▸ PROBLEM STATEMENT
Transcribe the entire listing faithfully; every line must match the original.

▸ DATASET CONTENT
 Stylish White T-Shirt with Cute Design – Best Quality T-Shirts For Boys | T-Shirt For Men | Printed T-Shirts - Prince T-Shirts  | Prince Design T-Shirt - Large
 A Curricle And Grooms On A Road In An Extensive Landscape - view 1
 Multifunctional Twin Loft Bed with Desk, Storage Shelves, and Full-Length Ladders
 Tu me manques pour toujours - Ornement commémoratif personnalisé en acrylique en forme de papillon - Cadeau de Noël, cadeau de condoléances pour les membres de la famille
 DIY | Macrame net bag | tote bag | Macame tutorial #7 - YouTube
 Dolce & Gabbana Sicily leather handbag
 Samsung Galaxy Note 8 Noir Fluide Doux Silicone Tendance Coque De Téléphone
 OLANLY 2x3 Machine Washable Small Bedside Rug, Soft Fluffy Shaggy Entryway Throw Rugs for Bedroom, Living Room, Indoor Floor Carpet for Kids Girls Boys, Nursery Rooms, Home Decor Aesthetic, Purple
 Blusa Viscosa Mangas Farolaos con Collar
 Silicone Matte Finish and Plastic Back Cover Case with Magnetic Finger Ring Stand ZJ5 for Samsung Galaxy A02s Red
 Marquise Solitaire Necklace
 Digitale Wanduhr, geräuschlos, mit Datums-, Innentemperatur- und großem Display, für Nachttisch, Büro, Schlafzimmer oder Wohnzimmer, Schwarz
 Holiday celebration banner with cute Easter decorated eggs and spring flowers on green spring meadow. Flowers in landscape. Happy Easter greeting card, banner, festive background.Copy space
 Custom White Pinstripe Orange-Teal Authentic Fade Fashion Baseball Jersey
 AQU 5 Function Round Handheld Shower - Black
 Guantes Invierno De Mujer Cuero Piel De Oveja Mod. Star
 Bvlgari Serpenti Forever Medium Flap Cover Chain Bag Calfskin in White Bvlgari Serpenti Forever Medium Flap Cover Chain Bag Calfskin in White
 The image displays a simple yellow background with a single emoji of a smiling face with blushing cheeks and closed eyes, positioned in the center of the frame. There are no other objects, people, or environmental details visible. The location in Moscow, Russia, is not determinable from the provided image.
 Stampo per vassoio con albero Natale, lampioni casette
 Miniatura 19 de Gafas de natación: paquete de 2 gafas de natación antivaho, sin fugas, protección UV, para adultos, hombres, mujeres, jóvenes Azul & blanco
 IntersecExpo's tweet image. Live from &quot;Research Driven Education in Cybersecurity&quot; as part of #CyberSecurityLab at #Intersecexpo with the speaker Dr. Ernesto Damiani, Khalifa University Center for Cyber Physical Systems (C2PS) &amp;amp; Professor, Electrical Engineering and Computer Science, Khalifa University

▸ SOLUTION TO THIS TASK
 Stylish White T-Shirt with Cute Design – Best Quality T-Shirts For Boys | T-Shirt For Men | Printed T-Shirts - Prince T-Shirts  | Prince Design T-Shirt - Large
 A Curricle And Grooms On A Road In An Extensive Landscape - view 1
 Multifunctional Twin Loft Bed with Desk, Storage Shelves, and Full-Length Ladders
 Tu me manques pour toujours - Ornement commémoratif personnalisé en acrylique en forme de papillon - Cadeau de Noël, cadeau de condoléances pour les membres de la famille
 DIY | Macrame net bag | tote bag | Macame tutorial #7 - YouTube
 Dolce & Gabbana Sicily leather handbag
 Samsung Galaxy Note 8 Noir Fluide Doux Silicone Tendance Coque De Téléphone
 OLANLY 2x3 Machine Washable Small Bedside Rug, Soft Fluffy Shaggy Entryway Throw Rugs for Bedroom, Living Room, Indoor Floor Carpet for Kids Girls Boys, Nursery Rooms, Home Decor Aesthetic, Purple
 Blusa Viscosa Mangas Farolaos con Collar
 Silicone Matte Finish and Plastic Back Cover Case with Magnetic Finger Ring Stand ZJ5 for Samsung Galaxy A02s Red
 Marquise Solitaire Necklace
 Digitale Wanduhr, geräuschlos, mit Datums-, Innentemperatur- und großem Display, für Nachttisch, Büro, Schlafzimmer oder Wohnzimmer, Schwarz
 Holiday celebration banner with cute Easter decorated eggs and spring flowers on green spring meadow. Flowers in landscape. Happy Easter greeting card, banner, festive background.Copy space
 Custom White Pinstripe Orange-Teal Authentic Fade Fashion Baseball Jersey
 AQU 5 Function Round Handheld Shower - Black
 Guantes Invierno De Mujer Cuero Piel De Oveja Mod. Star
 Bvlgari Serpenti Forever Medium Flap Cover Chain Bag Calfskin in White Bvlgari Serpenti Forever Medium Flap Cover Chain Bag Calfskin in White
 The image displays a simple yellow background with a single emoji of a smiling face with blushing cheeks and closed eyes, positioned in the center of the frame. There are no other objects, people, or environmental details visible. The location in Moscow, Russia, is not determinable from the provided image.
 Stampo per vassoio con albero Natale, lampioni casette
 Miniatura 19 de Gafas de natación: paquete de 2 gafas de natación antivaho, sin fugas, protección UV, para adultos, hombres, mujeres, jóvenes Azul & blanco
 IntersecExpo's tweet image. Live from &quot;Research Driven Education in Cybersecurity&quot; as part of #CyberSecurityLab at #Intersecexpo with the speaker Dr. Ernesto Damiani, Khalifa University Center for Cyber Physical Systems (C2PS) &amp;amp; Professor, Electrical Engineering and Computer Science, Khalifa University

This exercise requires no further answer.